You fill in TODOs and answer inline questions, run tests, and observe what happens (via EventLog and assertions). The adaptive framework adjusts to your profile. For Q/A/R details, instrumentation, and exercise types, see Teaching Method.

Exercise Markers

  • // TODO: means learner work is intentionally incomplete.
  • // SOLUTION: means a reference implementation is intentionally shown for study.

Quickstart

  1. Prerequisites — CMake 3.21+ for CMakePresets.json (cmake --preset gcc). The root CMakeLists.txt allows 3.21+ if you configure manually; C++20 is required (set in the root file and presets).
  2. Buildcmake --preset gcc then cmake --build --preset gcc
  3. Try it./build/gcc/examples/test_try_it_out (replace gcc with your configure preset name, e.g. clang)
  4. Next — Start with learning_shared_ptr or follow Full Curriculum.

Modules (high level)

Registered test counts match each module’s CMakeLists.txt (what ctest runs).
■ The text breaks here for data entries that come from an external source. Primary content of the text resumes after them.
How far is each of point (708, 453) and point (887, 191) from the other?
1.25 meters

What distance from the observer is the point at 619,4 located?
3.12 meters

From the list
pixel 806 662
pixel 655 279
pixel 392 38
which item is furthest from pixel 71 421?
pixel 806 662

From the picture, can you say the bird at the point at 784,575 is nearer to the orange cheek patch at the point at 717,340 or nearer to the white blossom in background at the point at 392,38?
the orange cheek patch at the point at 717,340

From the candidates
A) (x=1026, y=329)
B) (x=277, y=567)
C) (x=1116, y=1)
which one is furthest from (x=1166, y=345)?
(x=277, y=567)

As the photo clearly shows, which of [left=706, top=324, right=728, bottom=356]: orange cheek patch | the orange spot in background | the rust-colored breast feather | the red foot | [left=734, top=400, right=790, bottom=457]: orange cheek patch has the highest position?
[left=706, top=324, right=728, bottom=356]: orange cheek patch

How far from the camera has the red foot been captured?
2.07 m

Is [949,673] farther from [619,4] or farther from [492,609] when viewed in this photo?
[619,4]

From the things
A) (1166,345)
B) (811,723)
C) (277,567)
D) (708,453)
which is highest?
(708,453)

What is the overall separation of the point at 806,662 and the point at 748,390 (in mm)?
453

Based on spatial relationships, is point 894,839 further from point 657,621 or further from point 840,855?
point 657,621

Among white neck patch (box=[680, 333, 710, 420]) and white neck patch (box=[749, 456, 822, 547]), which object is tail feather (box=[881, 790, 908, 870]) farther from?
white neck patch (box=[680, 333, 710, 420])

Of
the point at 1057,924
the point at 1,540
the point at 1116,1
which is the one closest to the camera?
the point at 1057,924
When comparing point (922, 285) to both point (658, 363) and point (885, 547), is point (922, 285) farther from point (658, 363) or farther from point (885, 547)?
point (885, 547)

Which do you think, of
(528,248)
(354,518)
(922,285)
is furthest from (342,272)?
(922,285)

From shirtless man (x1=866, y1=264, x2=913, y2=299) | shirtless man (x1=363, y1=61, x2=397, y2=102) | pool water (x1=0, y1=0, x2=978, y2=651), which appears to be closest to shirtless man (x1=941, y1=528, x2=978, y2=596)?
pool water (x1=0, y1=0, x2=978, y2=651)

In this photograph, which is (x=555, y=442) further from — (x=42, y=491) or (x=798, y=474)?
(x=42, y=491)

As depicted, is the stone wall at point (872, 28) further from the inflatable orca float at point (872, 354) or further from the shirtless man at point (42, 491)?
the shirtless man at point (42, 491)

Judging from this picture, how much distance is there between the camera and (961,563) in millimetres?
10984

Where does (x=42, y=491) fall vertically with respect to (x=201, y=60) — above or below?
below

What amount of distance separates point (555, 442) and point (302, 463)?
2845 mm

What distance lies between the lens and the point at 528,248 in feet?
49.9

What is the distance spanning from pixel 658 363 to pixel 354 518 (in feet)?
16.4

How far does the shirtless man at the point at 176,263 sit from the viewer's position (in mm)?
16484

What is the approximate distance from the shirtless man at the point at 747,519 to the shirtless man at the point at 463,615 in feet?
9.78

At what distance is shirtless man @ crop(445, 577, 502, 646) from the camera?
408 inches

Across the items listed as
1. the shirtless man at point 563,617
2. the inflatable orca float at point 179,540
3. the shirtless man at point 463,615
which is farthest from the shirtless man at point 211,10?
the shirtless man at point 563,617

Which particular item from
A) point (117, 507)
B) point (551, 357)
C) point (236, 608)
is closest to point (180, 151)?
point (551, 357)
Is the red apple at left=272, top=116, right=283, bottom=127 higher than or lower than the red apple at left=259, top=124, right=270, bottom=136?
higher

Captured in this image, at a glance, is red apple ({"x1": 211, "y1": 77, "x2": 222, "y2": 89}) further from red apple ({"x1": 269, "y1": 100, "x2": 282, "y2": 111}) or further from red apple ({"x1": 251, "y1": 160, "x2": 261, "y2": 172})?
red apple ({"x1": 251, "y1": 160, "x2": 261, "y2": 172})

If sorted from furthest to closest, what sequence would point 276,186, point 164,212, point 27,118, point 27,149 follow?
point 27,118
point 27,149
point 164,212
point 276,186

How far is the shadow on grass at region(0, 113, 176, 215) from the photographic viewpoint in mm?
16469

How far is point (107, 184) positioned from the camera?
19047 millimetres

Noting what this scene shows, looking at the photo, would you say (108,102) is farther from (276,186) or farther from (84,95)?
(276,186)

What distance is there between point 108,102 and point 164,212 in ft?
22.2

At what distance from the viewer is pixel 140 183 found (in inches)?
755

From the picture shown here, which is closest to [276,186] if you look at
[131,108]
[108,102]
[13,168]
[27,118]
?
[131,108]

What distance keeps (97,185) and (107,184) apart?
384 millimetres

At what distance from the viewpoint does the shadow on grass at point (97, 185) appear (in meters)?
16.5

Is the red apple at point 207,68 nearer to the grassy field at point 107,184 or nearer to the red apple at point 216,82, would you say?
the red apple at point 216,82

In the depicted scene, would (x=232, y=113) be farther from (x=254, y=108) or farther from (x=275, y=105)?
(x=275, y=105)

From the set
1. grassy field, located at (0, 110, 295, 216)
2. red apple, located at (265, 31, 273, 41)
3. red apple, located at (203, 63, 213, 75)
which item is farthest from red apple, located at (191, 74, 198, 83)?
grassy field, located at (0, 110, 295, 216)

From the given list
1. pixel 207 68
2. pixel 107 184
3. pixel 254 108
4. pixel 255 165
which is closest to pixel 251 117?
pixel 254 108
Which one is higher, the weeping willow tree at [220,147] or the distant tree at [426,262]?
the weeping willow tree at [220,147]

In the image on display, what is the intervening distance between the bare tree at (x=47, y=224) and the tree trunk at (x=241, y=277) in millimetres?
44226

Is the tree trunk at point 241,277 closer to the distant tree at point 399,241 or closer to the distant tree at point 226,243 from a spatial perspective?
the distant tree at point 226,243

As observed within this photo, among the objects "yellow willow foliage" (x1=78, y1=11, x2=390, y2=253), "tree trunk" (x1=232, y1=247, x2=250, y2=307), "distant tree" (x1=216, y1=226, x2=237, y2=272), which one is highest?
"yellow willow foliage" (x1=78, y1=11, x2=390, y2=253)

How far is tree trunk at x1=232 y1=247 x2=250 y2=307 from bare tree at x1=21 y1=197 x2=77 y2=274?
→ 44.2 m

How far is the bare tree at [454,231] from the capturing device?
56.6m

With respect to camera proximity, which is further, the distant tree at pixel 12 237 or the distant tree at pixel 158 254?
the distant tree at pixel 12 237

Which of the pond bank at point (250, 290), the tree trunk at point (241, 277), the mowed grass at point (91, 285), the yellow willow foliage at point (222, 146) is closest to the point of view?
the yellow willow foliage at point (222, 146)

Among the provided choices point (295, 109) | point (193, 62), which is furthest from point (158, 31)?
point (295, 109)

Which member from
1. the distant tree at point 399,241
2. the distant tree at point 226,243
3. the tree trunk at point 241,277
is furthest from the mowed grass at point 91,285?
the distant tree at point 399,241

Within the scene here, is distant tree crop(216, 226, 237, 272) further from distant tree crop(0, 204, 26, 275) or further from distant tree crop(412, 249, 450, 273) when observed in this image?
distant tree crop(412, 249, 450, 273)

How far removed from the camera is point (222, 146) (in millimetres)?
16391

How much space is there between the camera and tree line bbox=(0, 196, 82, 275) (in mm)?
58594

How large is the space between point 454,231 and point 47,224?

Some folders contain extra .cpp sources not yet added to CMake.

Module Registered tests Topic (short)
learning_shared_ptr 16 shared_ptr / weak_ptr, ownership, aliasing (16 .cpp under tests/)
learning_memory 4 Placement new, allocators, pools, alignment
learning_modern_cpp 8 Modern C++ evolution (by lesson); C++20 required
learning_raii 4 Scope guards, handles, smart pointers from scratch
learning_move_semantics 5 Moves, forwarding, move-only types
learning_error_handling 5 Exceptions, optional/result, noexcept
learning_stl 5 Containers, iterators, algorithms, invalidation
learning_concurrency 5 Threads, mutexes, lock-free basics, pools
learning_design_patterns 4 Creational, structural, behavioral, modern
learning_templates 6 Templates, SFINAE, variadics, traits
learning_performance 6 Profiling, cache layout, elision, SSO, constexpr, benchmarks
learning_debugging 3 GoogleMock, debugging, benchmark exercise
learning_deadlocks 4 Deadlock scenario suites are registered by default; some scenario cases are intentionally disabled while remaining fixes are in progress
examples 1 Onboarding test
profile_showcase 1 Move instrumentation demo

Full curriculum and structure

Repository layout

<repo_root>/
├── README.md
├── CMakeLists.txt
├── CMakePresets.json
├── .cursor/rules/          # Socratic rules and profiles
├── cmake/                  # add_learning_test helper
├── common/                 # instrumentation, move_instrumentation
├── docs/                   # BUILDING, LEARNING_PATH, TEACHING_METHOD
├── examples/
├── profile_showcase/
└── learning_*/             # One directory per topic (see table above)

Building and running

Quick path: cmake --preset gcc, cmake --build --preset gcc, ctest --preset gcc --verbose. Dependencies (GoogleTest/GoogleMock), targeted tests, and CMake notes: docs/BUILDING.md.

Contributing

See .github/CONTRIBUTING.md. Report issues via .github/ISSUE_TEMPLATE/.